This week we practice drawing trees and doing multiple alignments.
The answer for this homework should be a well structured document, like a paper or a report. It can be written in Markdown or Google Docs. In any case you should send your answer as an attached file, so the answer remains stored in the email server, and cannot be changed after being delivered. In other words, it is not enough to send links, you must send files.
The difference between an attached file and a link is important from the technical and legal perspectives. Be sure to understand it.
1. Build a neighbor joining tree of Turkey
The following table shows the distance (in kilometers) between some cities in Turkey, according to Wolfram Alpha.

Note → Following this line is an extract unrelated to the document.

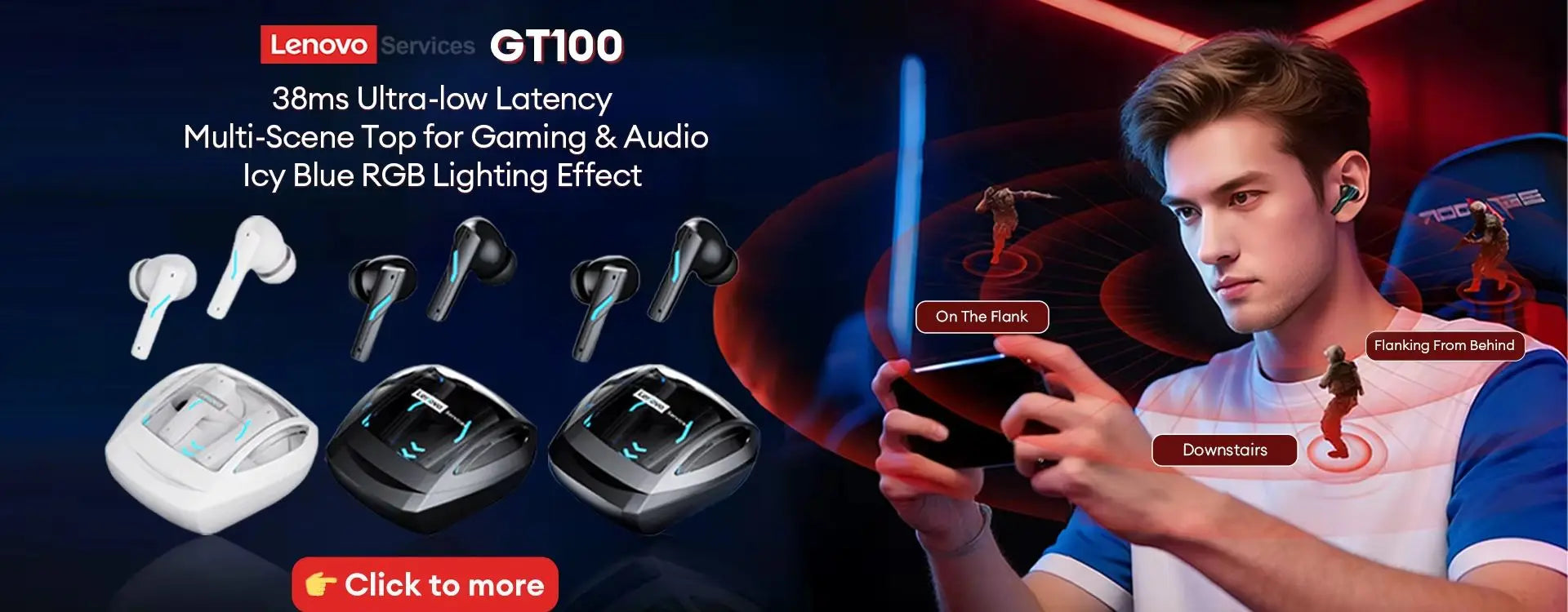 Lenovo LE503 OWS Wireless Earphones Bluetooth V6.0 Open-Ear Earphone ENC Noise Reduction Earbuds Waterproof Long Battery Life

City | Izmir | Bursa | Ankara | Adana |
---|---|---|---|---|
Istanbul | 336 | 100 | 351 | 711 |
Izmir | 257 | 520 | 737 | |
Bursa | 323 | 649 | ||
Ankara | 390 |
Using these distances build a Neighbor Joining tree. Show every step of the construction:
- The Q matrix of every
- Distance between old nodes and the new node on every step
- The new D matrix of each step
- The partial tree of each step
This step should be done “manually”. You can use a calculator, but not a packaged function or advanced program. We must do manually at least one tree once in our life.
2. Align keratin proteins
We want to align (and make a phylogenetic tree) of the following proteins
XP_036351858.1 XP_041361653.1 XP_031771706.1
XP_020892825.1 XP_037745389.1 XP_050186301.1
XP_044574083.1 XP_041361499.1 XP_030371273.1
XP_048565601.1 XP_027050739.1 WP_003121308.1
XP_040571383.1 XP_046913081.1 XP_045135256.1
XP_019233715.1 XP_024370096.1 XP_020325383.1
XP_045899490.1 XP_047326303.1 XP_027525420.1
XP_035144276.1 XP_035778297.1 XP_046802344.1
XP_027981243.1 XP_018564106.1 XP_017722073.1
Use at least two methods in the EBI website (https://www.ebi.ac.uk/Tools/msa) to build a Multiple Sequence alignment, and the corresponding phylogenetic tree. Please let me know which methods you will use.
You will probably need to download the sequences from NCBI’s Protein database. There are several ways of getting the FASTA files. For instance the Batch Entrez page (https://ncbi.nlm.nih.gov/sites/batchentrez). In this case you will need to prepare a text file with one accession number on each line. Do not use Microsoft Windows for this. Word files are not text files. You need to use a text editor, not a word processor. We recommend to use Visual Studio Code, but there are hundreds of alternatives, including Notepad and WordPad that are already included in Microsoft Windows. In MacOS you can use TextEdit.